Tue May 13 06:09:03 PDT 2025

================
@@ -362,10 +362,15 @@ AArch64TTIImpl::getInlineCallPenalty(const Function *F, const CallBase &Call,
 }
 
 bool AArch64TTIImpl::shouldMaximizeVectorBandwidth(
-    TargetTransformInfo::RegisterKind K) const {
+    TargetTransformInfo::RegisterKind K, const unsigned WidestType,
+    const unsigned SmallestType) const {
   assert(K != TargetTransformInfo::RGK_Scalar);
-  return (K == TargetTransformInfo::RGK_FixedWidthVector &&
-          ST->isNeonAvailable());
+  // For loops with extend operations e.g. zext, sext etc., limiting the max VF
+  // based on widest type inhibits considering higher VFs even though
+  // vectorizing with higher VF might be profitable.
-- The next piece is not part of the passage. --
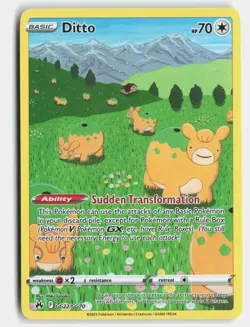 Ditto GG22/GG70 Holo Crown Zenith Galarian Gallery Pokemon - Image 1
In such cases, we should
+  // limit the max VF based on smallest type and the decision whether a
+  // particular VF is beneficial or not be left to cost model.
+  return WidestType != SmallestType;
----------------
huntergr-arm wrote:

This PR does conflict somewhat with current (undocumented) plans; the intent is to enable max bandwidth for the scalable vector register kind by default as soon as we've fixed some regressions we're aware of (at least for cores implementing SVE2 or higher, specifics tbd.). I did try enabling this before but reverted once we found the regressions. We don't need to know the smallest and largest types to do so, as we're improving the cost model to reject suboptimal VFs.
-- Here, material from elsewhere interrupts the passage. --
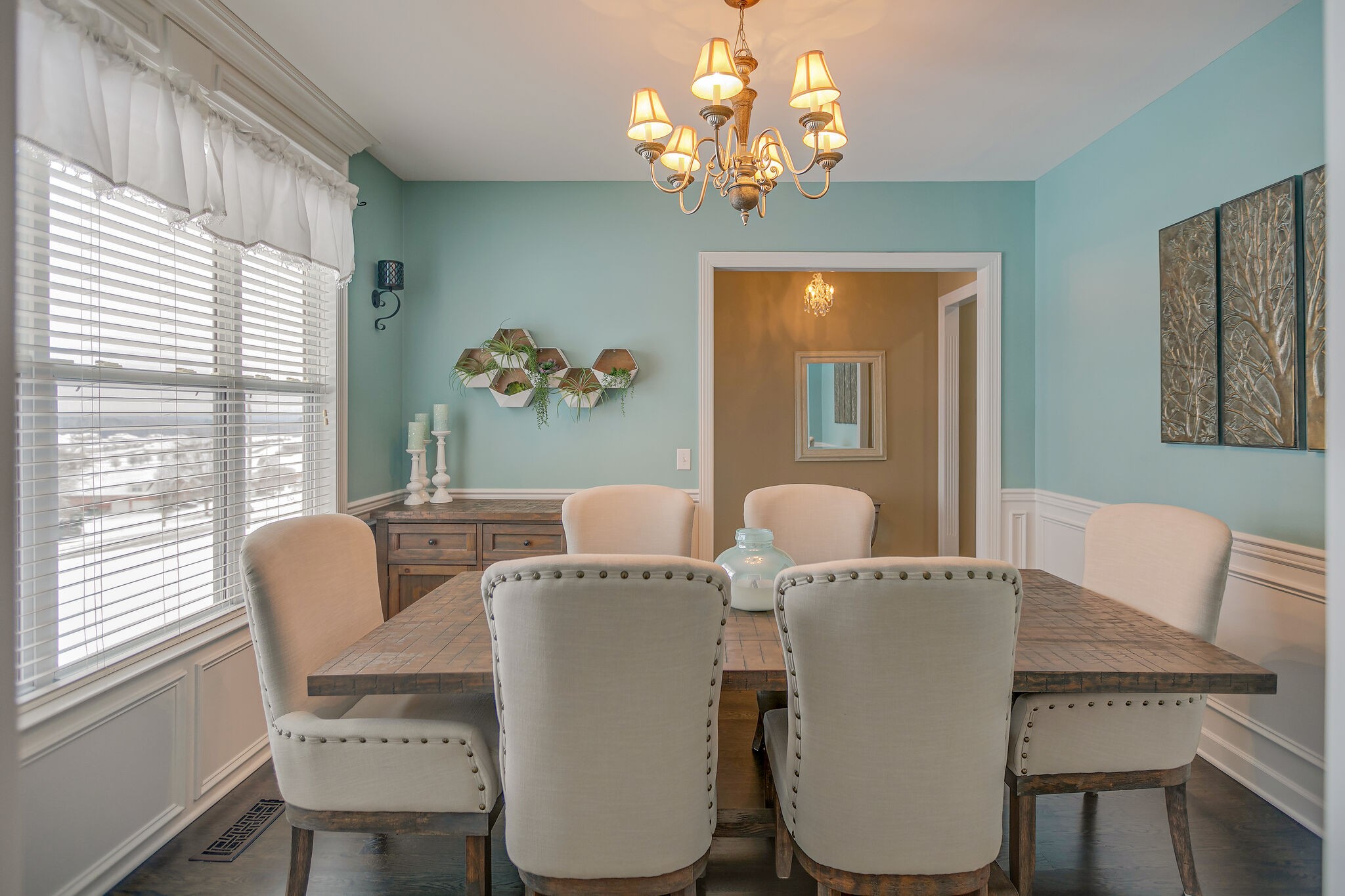 3029 Viewpointe Way Columbia, TN 38401 - Photo 8 of 40 a dining room with furniture a window and chandelier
Some PRs that should hopefully let us enable maxbw by default once they all land:
* #137746 -- Allows vplan to bundle up sequences of operations into a meta-recipe (VPMulAccumulateReductionRecipe) before modeling the cost.
* #113903 -- Implements cost modeling for the above PR. (Or will do once rebased, as the work was split up).
* #136997 -- Extends the VPMulAccumulateReductionRecipe to support differing extension types to support usdot instructions.
* #132190 -- Prunes vplans with wider VFs if the estimated register pressure would be too high; doing it here after we know about partial reductions lets us model things better instead of assuming we'll have phi nodes with too-wide types taking up multiple registers as the legacy cost model does now.

We'll probably need a few more improvements later as we run more benchmarks, but those PRs cover the basic mechanisms needed for now.

https://github.com/llvm/llvm-project/pull/137593